→ **TASK GOAL**: Copy each line, word for word, from the one with "Undercover Trolleykoffer ride-on paw patrol" through the final line of the listing, but skip the pictures.
————————
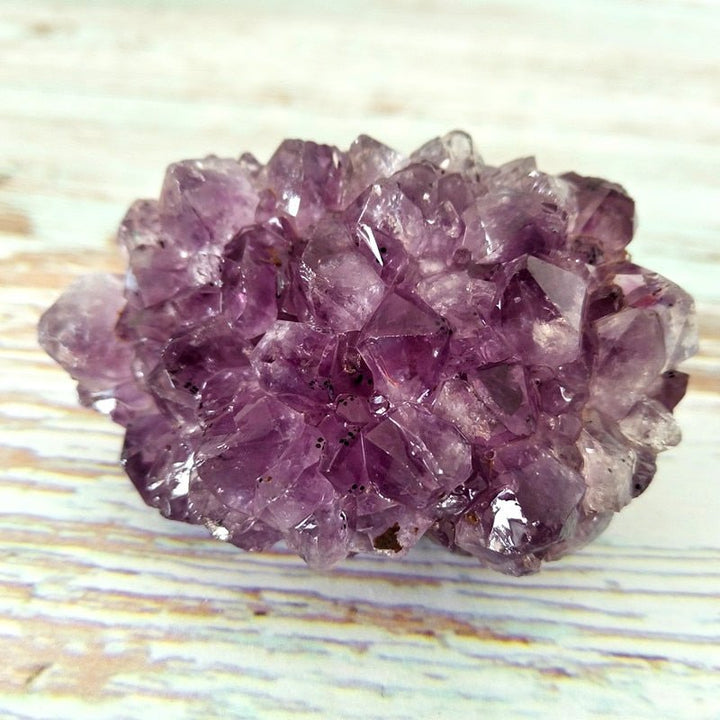 Amethyst Clusters - Light Of Twelve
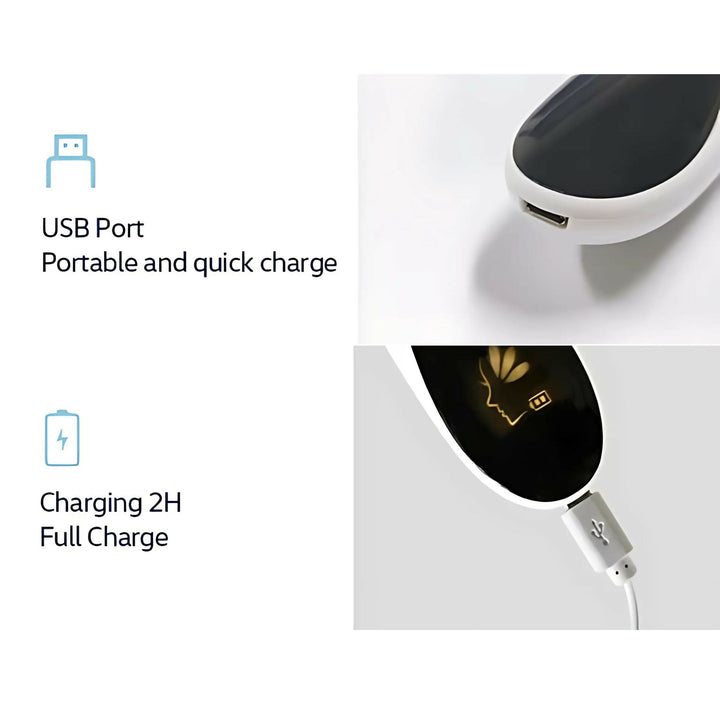 Electric Blackhead Remover and Pore Cleaner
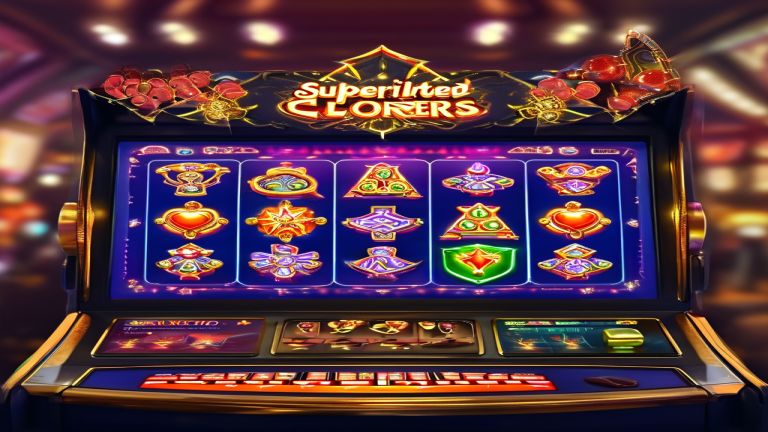 Supercharged Clovers: Hold and Win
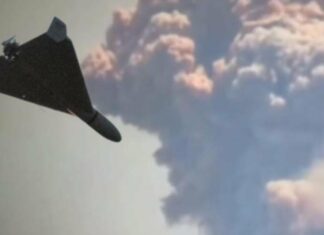 После атаки БПЛА Мариуполь остался без света и тепла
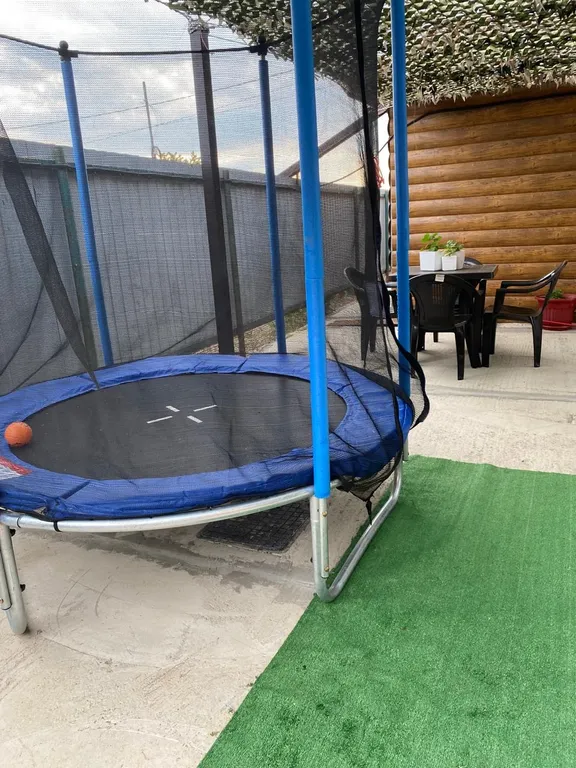 Комната на берегу моря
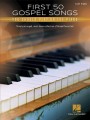 First 50 Gospel Songs You Should Play on Piano - nuty na fortepian dla początkujących
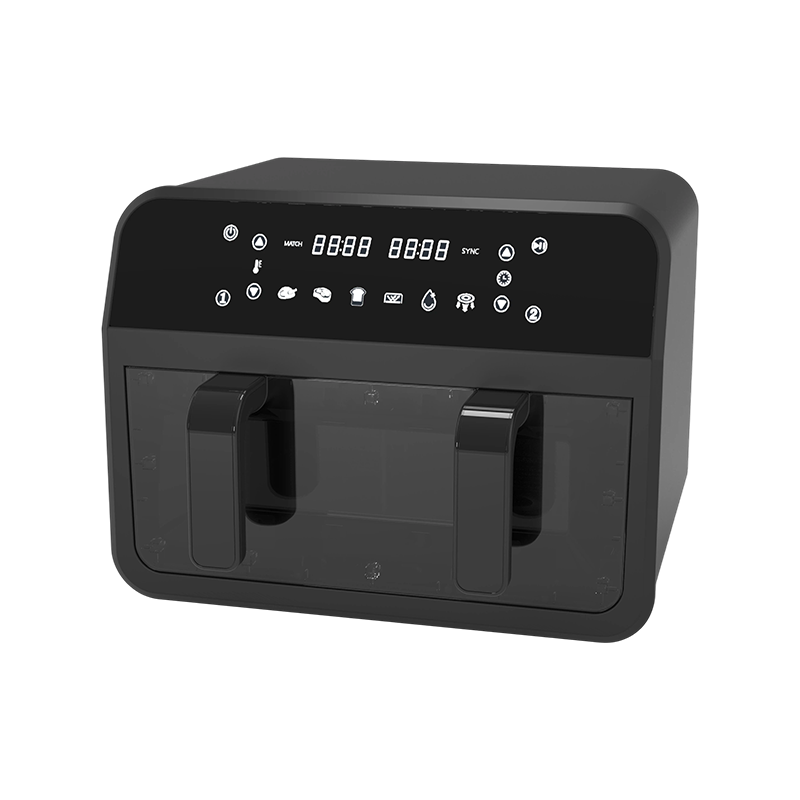 AF-7002HD مقلاة هواء ذكية بلمسة المرآة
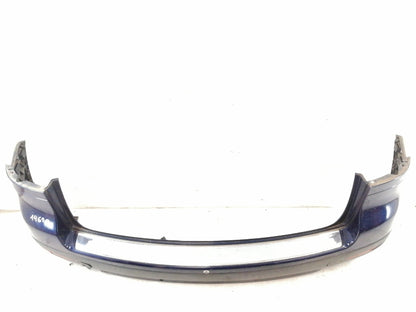 Paraurti posteriore volkswagen touareg ( 2002 > 2010 ) blu - originale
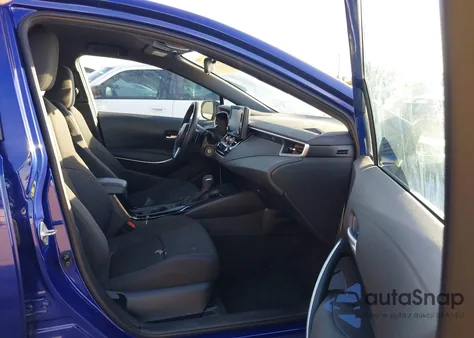 2022 Toyota Corolla Se z USA, uszkodzony, nr VIN 5YFS4MCE7NP112786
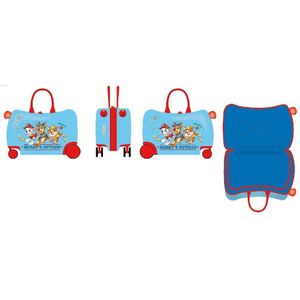 Undercover Trolleykoffer ride-on paw patrol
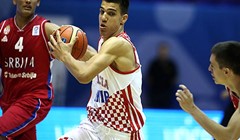 Mladi hrvatski košarkaši bolji i od Srbije, s vrha ljestvice u četvrtfinale Europskog prvenstva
————————
→ **SOLUTION TO THE PROBLEM**:
 Undercover Trolleykoffer ride-on paw patrol
 Mladi hrvatski košarkaši bolji i od Srbije, s vrha ljestvice u četvrtfinale Europskog prvenstva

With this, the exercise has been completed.